Nov. 2nd, 2005 11:00 pm (UTC)
I dashed to the telly as soon as I saw this, but I think I missed most of it. There was just some guy commenting on Blunkett's resignation in front of a 'mosaic' portrait of Pompey from the series. Still, nice touch by Newsnight!
Nov. 3rd, 2005 06:57 am (UTC)
That wasn't Pompey - that was Blair Caesar!
Nov. 3rd, 2005 09:22 am (UTC)
Blair Caesar! *looks forward to the assassination*
Nov. 2nd, 2005 11:39 pm (UTC)
I think you have your Julias muddled. A quick consultation of the OCD reveals that the Julia for whom the young Octavius orated was his maternal grandmother, Caesar's sister, not Caesar's daughter.
Nov. 3rd, 2005 09:16 am (UTC)
Yes, and since Caesar was Octavius' great-uncle, surely his sister would be Octavius' great-aunt?

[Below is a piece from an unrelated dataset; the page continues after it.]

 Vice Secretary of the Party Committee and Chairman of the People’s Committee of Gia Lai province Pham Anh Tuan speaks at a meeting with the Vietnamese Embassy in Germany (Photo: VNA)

Nov. 3rd, 2005 09:17 am (UTC)
Oh, no, wait - I see what you mean. She's the grandmother through whom Caesar is his great-uncle, and therefore a closer relation than great-aunt. But I was still clear on it being Caesar's sister.

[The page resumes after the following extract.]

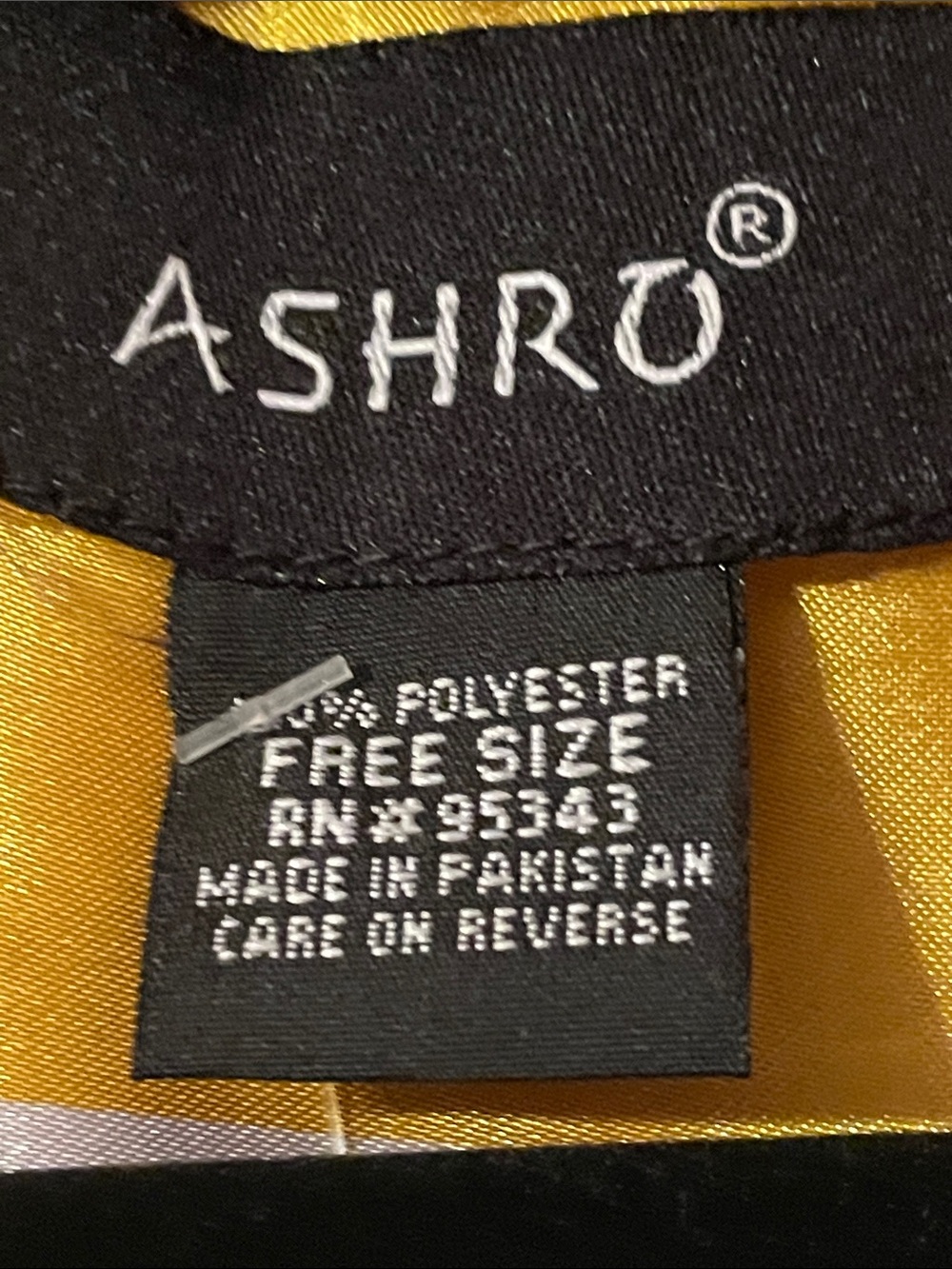 Ashro Yellow Black Gray Geometric V-Neck Tunic - Picture 2 of 3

Nov. 3rd, 2005 09:34 am (UTC)
No, my point was not that you've got the family relationship wrong, but that you've got two separate individuals confused. The Julia whose death is an important plot point in the first episode, Pompey's wife, was Caesar's daughter (d. 54 BC). The Julia for whom Octavius read the funeral oration was a different Julia, Caesar's sister (d. 51 BC). (And I wonder if when talking about the 'oration for his dead great aunt' you aren't actually thinking of yet another Julia, the aunt of Caesar himself and mother of Marius, for whom Caesar performed the funeral oration.)

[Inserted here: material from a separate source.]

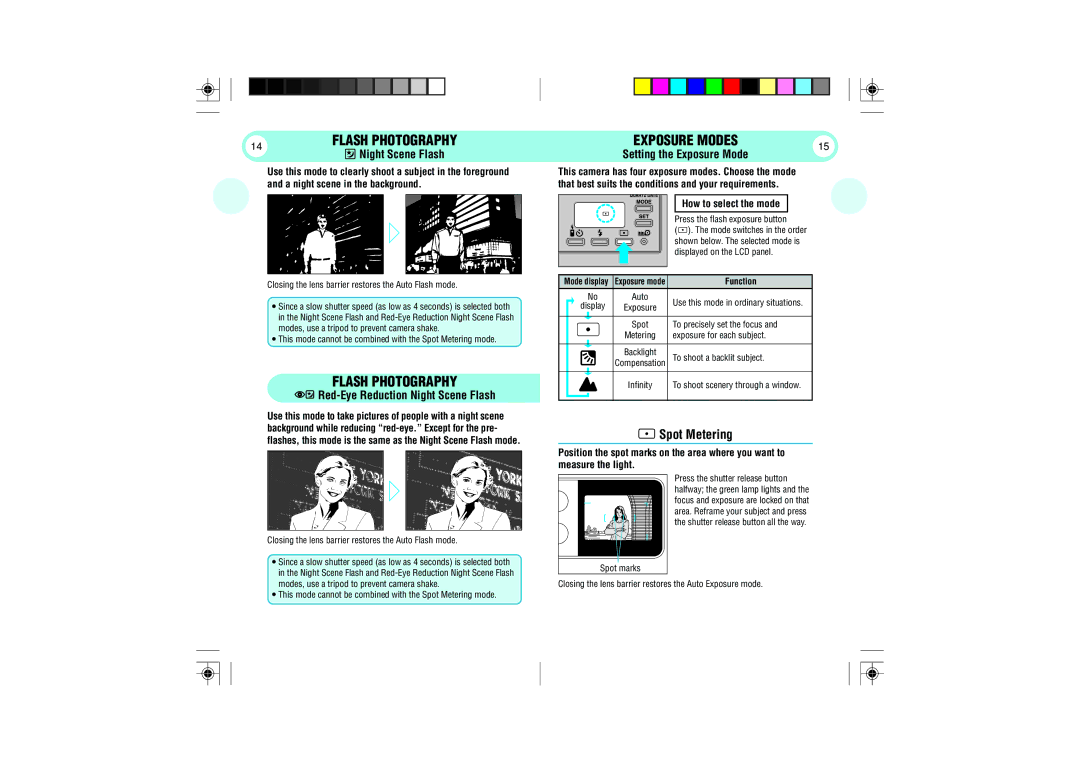 Olympus 105 manual Spot Metering, Red-Eye Reduction Night Scene Flash, Exposure Modes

Nov. 3rd, 2005 09:52 am (UTC)
Oh, gosh - yes, I do see what you mean now. No, I'm not getting confused with Caesar's oration in 69, but I did think there for a minute that Pompey had been married to Caesar's sister. Of course he wasn't, you're right, and indeed she was referred to early on in the programme itself as Caesar's daughter, now I come to think of it. Although, in my defence, last night's episode had conflated the events of the last few years of the Gallic Wars so seriously that 54 and 51 rather merged with one another, and it becomes almost a pardonable mistake in that context!
Nov. 3rd, 2005 07:41 am (UTC)
Blast it. Now I'm really annoyed that I missed it. I'll try and remember next week.
Nov. 3rd, 2005 08:47 am (UTC)
There's a Sunday night repeat on BBC1.
Nov. 3rd, 2005 08:26 am (UTC)
i'm up to episode 6 of the 9 they have shown over in america, and it is very good, well worth following.
Nov. 3rd, 2005 09:19 am (UTC)
Cool, I hoped that would be the case from what we saw last night. Good to have it confirmed.
Nov. 3rd, 2005 08:53 am (UTC)
Have been looking forward to reading what you thought of it. I liked it very much, noticed that the time went very fast, which is always a good sign. Something that I feel bodes well, drama-wise, is that whoever cast Kevin McKidd as Lucius has obviously seen Dog Soldiers, in which the character is pretty similar, and just generally a fab film.
Nov. 3rd, 2005 09:21 am (UTC)
Ah - I haven't seen Dog Soldiers, so that aspect was lost on me. In fact, of all the cast, Lindsey Duncan is the only one I really know of (and like very much) from previous work. But I was thinking as I watched it that that is probably a good thing, as I don't come to their characters with preconceptions based on the actors' previous work.
Nov. 3rd, 2005 09:30 am (UTC)
Watch it - 'tis fab (tho v. scary)

There were a lot of familiar faces, but not famous enough to get in the way. I also love the way that posh Brits make such good Romans..
Nov. 3rd, 2005 09:43 am (UTC)
I've actualyl got a copy of it on my desk that our secretary's lent me- as I've not seen it, and I don't think Cat has either, it sounds like a burgeoning excuse for a video party...
Nov. 3rd, 2005 09:53 am (UTC)
Cool, sounds fun!
Nov. 3rd, 2005 10:10 am (UTC)
You're going to love it - it's such a gun/film/roleplay muppet's kind of a film. Watch out for Spoon :D
Nov. 3rd, 2005 10:40 am (UTC)
I forgot it was on :( I did manage to see the last 10 minutes by wandering into the lounge while theguywhoisstayingwithusfortwoweeks was watching it. All I got from those 10 minutes that there was a lot of sex, especially for a BBC program. And that it's repeated on Sunday, so I shall try to remember it for then.